Лучше всех о нем написали Горький, Короленко, Куприн, и главным образом потому, что, будучи крупными фигурами, все-таки не мерили его на свой аршин, понимая, что меньшему не дано делать заключение о большем. Но они нашли точку, с какой на него смотреть, и как глаза открыть, и в каком находиться в эту минуту душевном состоянии. Хуже всех – люди идейные, включая, увы, толстовцев. Мой отец был толстовец (к счастью, не из таких «профессионалов»), в 1920 году ставший членом толстовской колонии в подмосковной Тайнинке, просидевший, сколько тогда полагалось, в Бутырской тюрьме за отказ служить в армии. Так что Толстой был для меня с детства кем-то вроде дальней родни, таинственного дяди, не вполне реального. Те, кто писал о Толстом на основании своих представлений о нем после прочитанного, выделяли в нем какую-то часть, сосредоточивались на какой-то одной его стороне, которые в таком виде легче поддавались обозрению. Читая в девятом классе статью Ленина «Лев Толстой как зеркало русской революции», мы интуитивно ощущали, что ленинские соображения одно, а он совершенно другое. Ему от этих операций ничего не делалось, он не придавал этому значения, зная несоразмерность целого и частных результатов их усилий. Например, о книге Шестова «Добро в учении графа Толстого и Ф. Ницше» сказал: «Вот какой смелый парикмахер, так прямо и пишет, что я обманул себя, значит, и других обманул», – и, спрошенный, почему парикмахер, объяснил: «Вспомнился парикмахер из Москвы на свадьбе у дяди-мужика в деревне. Самые лучшие манеры, и лянсье пляшет, отчего и презирает всех». (А в моей и моих товарищей молодости эта книга занимала существенное место.)

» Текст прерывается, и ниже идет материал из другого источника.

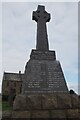 War Memorial at Kilmuir Easter Church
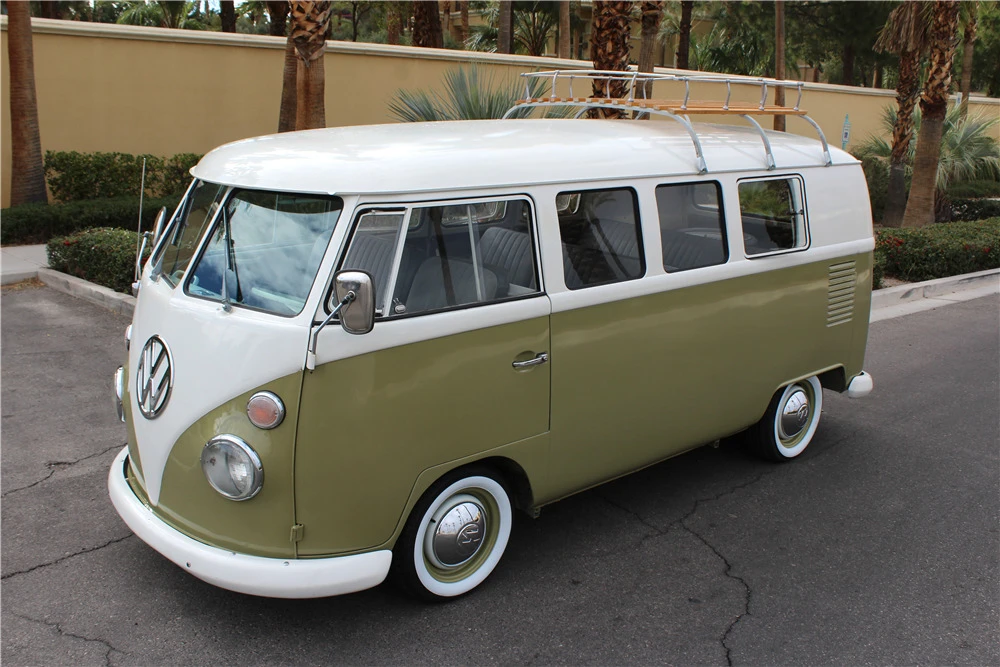 1965 Volkswagen Split-Window Bus - Image 2 of 4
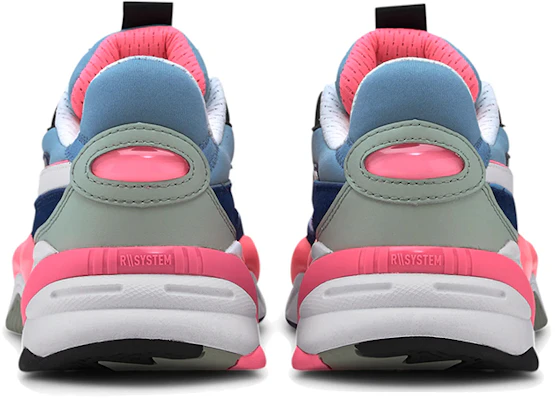 Puma RS-2K Internet Exploring ''Bleu Rose'' 373309-06 Shop Puma RS-2K Internet Exploring ''Bleu Rose'' 373309-06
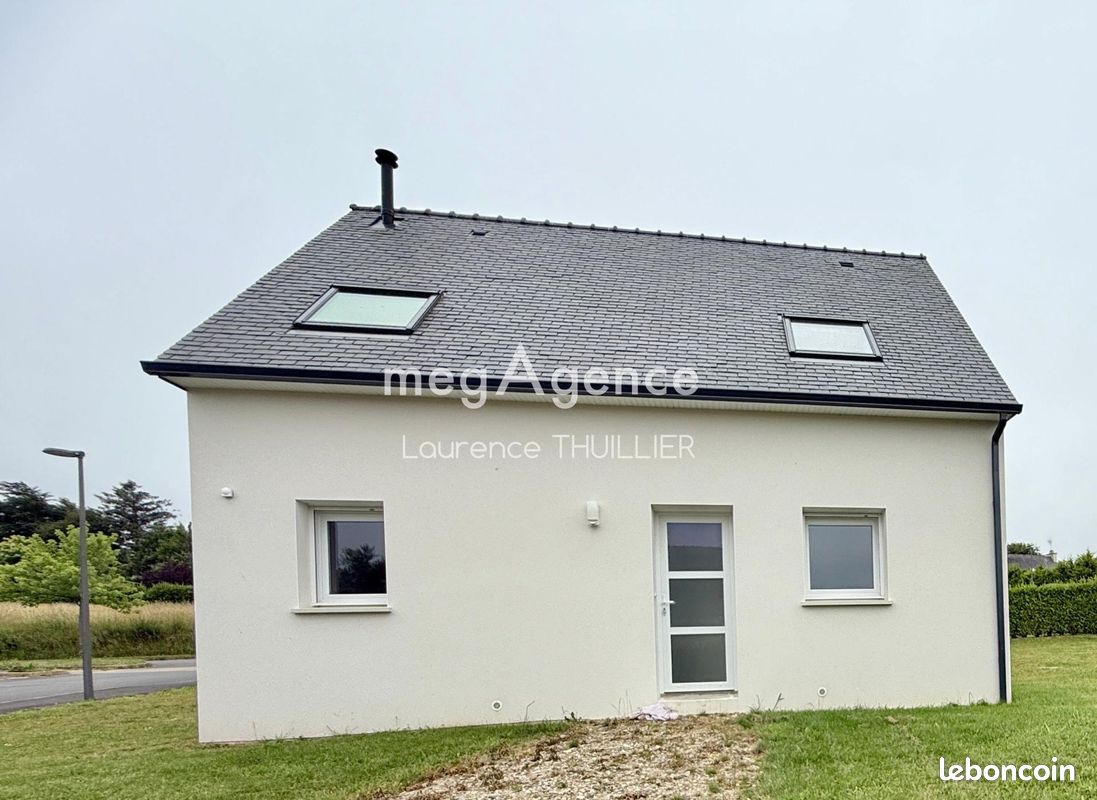 Maison 4 pièces 80 m² · à Confort-Meilars · 80 m² · 226 000 €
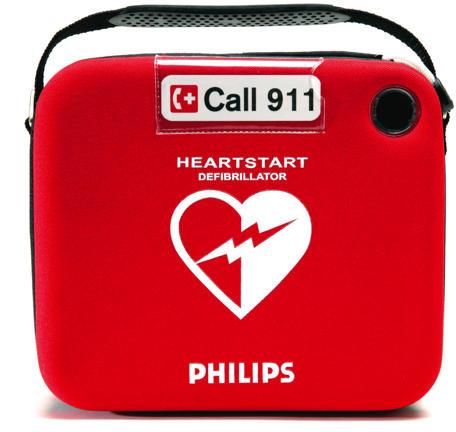 Prompt External Defibrillation with an Automated External Defibrillator (AED)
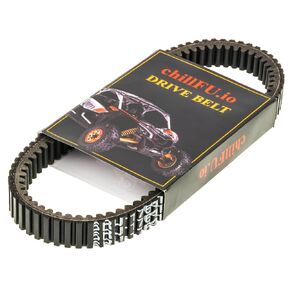 Drive Belt Fit Compatible with Yamaha YP400G YP 400G Grand Majesty 2005-2007/YP400 YP 400 Majesty 2004-2006 2009 2012-2015/YP400 YP400 Majesty 2006-2008 2010-2011 5RU-17641-00-00 5RU17641000
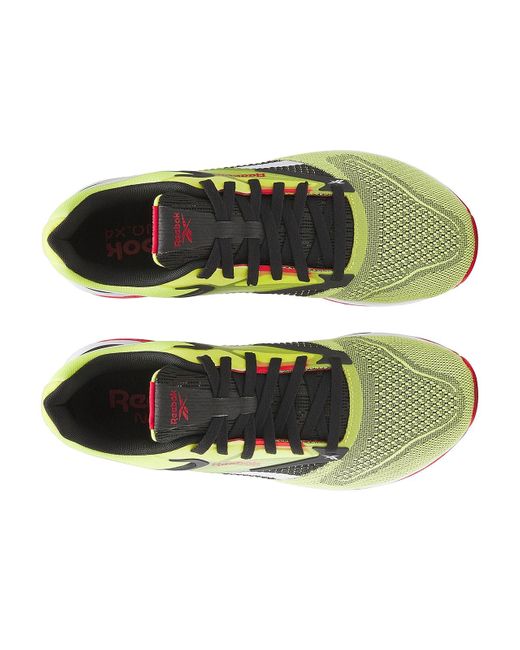 Reebok Green Nano X4 Training Shoe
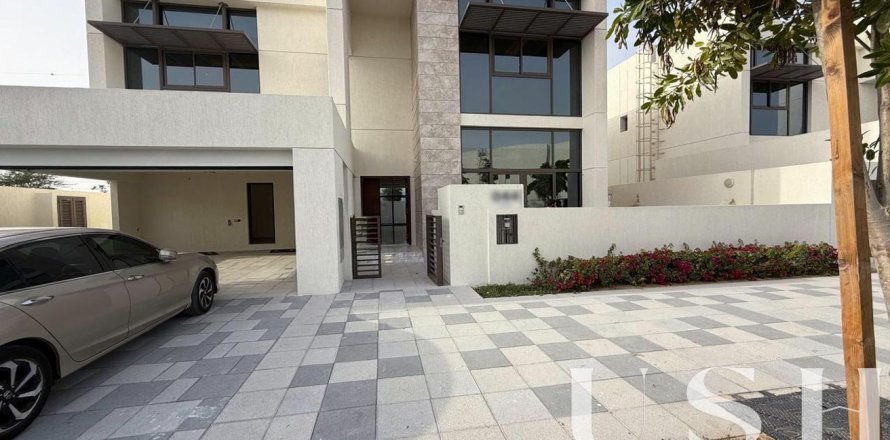 Villa in District One, Mohammed Bin Rashid City, Dubai 4 bedrooms, 635 sq.m. № 39235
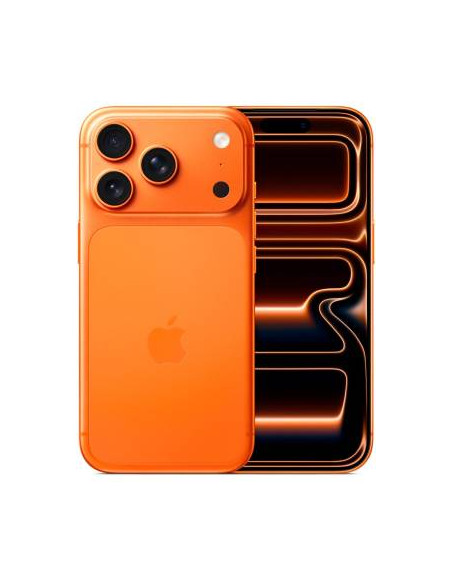 Apple iPhone 17 Pro 1TB 6,3" Cosmic Orange MG8Q4QN/A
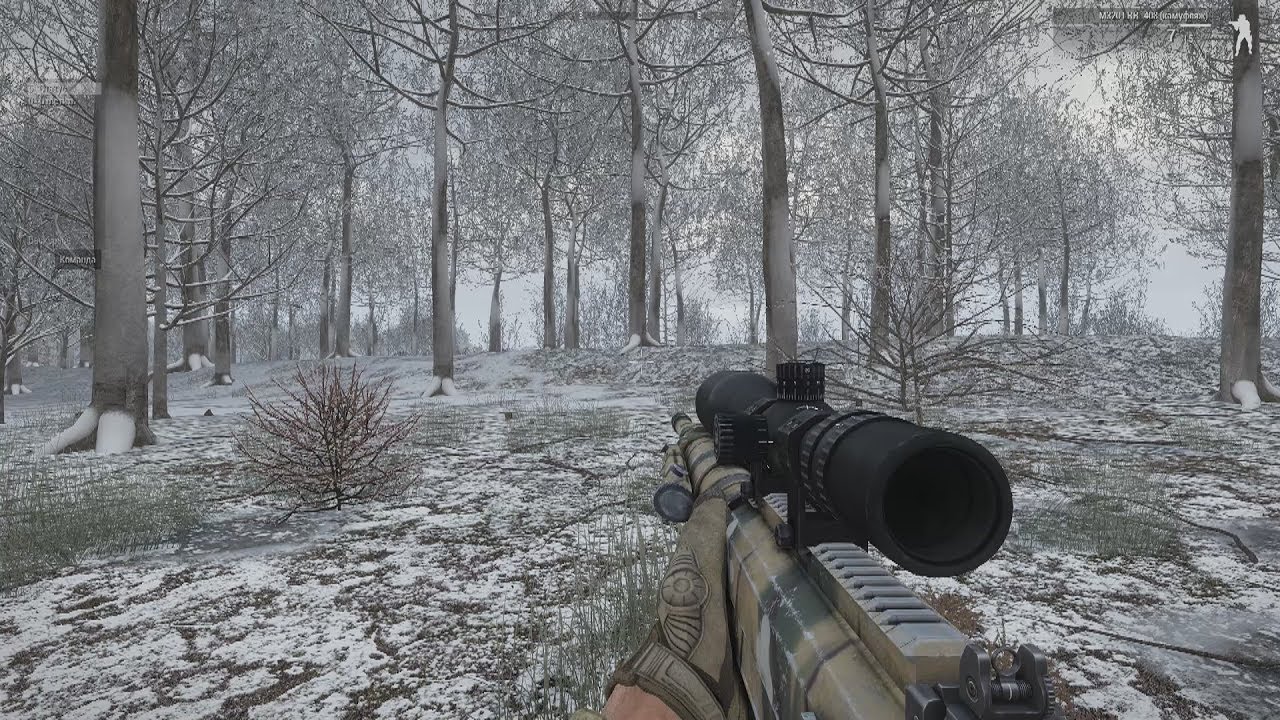German Sniper Hunting on Rebels ! Arma 3 2020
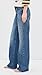 MOTHER Women's The Lasso Heel Jeans, Knick Knack Paddy Whack, 33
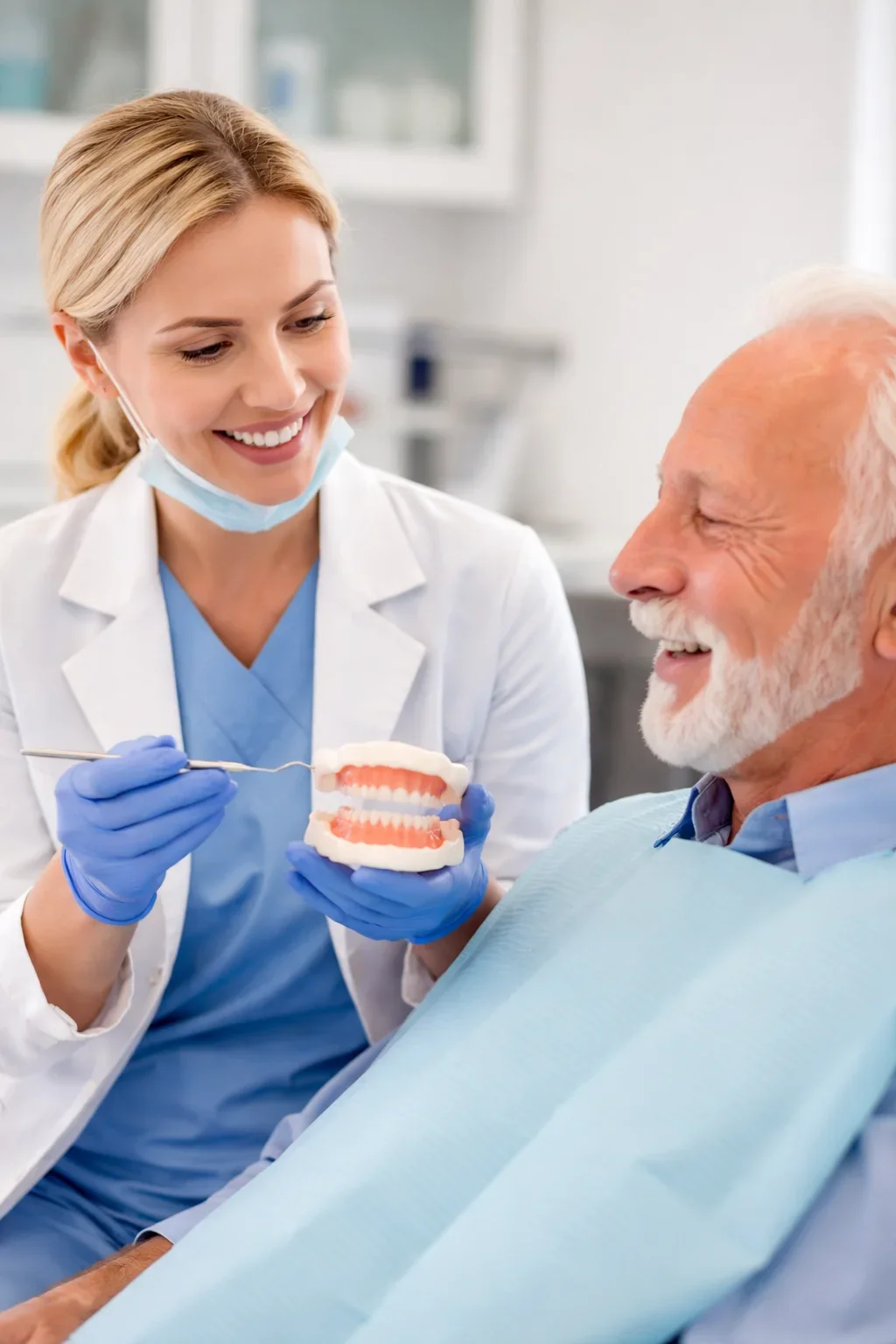 How to Choose the Best Dentist for False Teeth 5 dentist for false teeth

Похоже, что сегодня, через сто лет после смерти Толстого, единственное, о чем имело бы смысл в связи с ним сказать, это насколько страна, то есть ее население, мы все, отказались от той России, которой он желал и был олицетворением. Заигравшись, заболтавшись формулой «Пушкин – наше все», мы по лености мысли не замечаем, что гораздо больше оснований быть «нашим всем» у него, Льва Николаевича. Ни в малейшей степени это не покушение на пушкинское место. Просто Пушкин, если развивать известную метафору, есть солнце нашей культуры, нашего искусства, нашей литературы, а Толстой есть свет и воздух, почва и огонь нашей повседневности. И тот и другой – образцы русской психики и духовности, но если Пушкин в, так сказать, аполлоническом исполнении, то Толстой в юпитерианском. А сопоставляя их более приземленно – Толстой современник поездов, автомобилей, аэропланов и революционных толп, свой в мире средств массовой информации, и в этом смысле современник нас нынешних. Тогда как Пушкин – троек, кремневых пистолетов с насыпным порохом, бунтующей черни и зимнедворцовых раутов. Следует только прибавить, что одновременно Толстой воплощал собой и исключение из «нашего всего». Он был и мужик и аристократ, и простец и эстет, и пацифист и офицер, и еж и лиса. У Пушкина такой двойственности нет.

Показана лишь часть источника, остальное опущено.